WORK ORDER: For this task, output exactly the lines of the material below starting at the line with "Metaphysics Definition And" and ending at the line with "Semi Tussar Soft"; pictures are to be excluded.

MATERIAL PROVIDED:
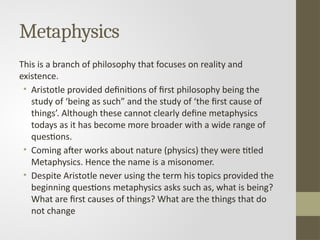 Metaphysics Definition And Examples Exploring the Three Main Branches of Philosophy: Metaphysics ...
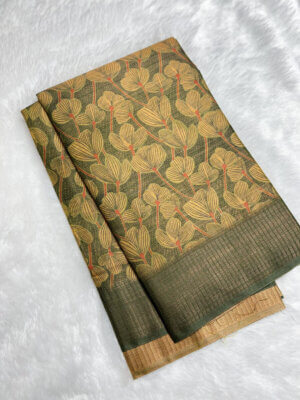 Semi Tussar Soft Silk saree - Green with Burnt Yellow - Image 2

* * *

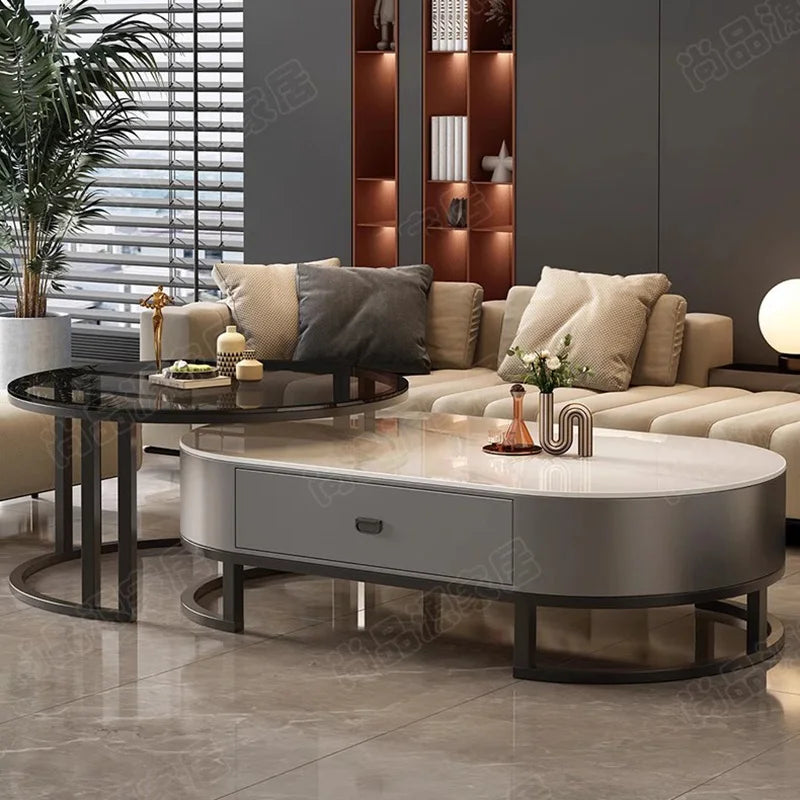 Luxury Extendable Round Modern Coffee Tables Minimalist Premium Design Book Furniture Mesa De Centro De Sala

--

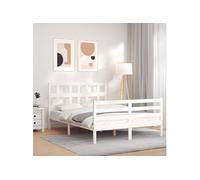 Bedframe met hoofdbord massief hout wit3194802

SOLUTION FOR THIS PROBLEM:
 Metaphysics Definition And Examples Exploring the Three Main Branches of Philosophy: Metaphysics ...
 Semi Tussar Soft Silk saree - Green with Burnt Yellow - Image 2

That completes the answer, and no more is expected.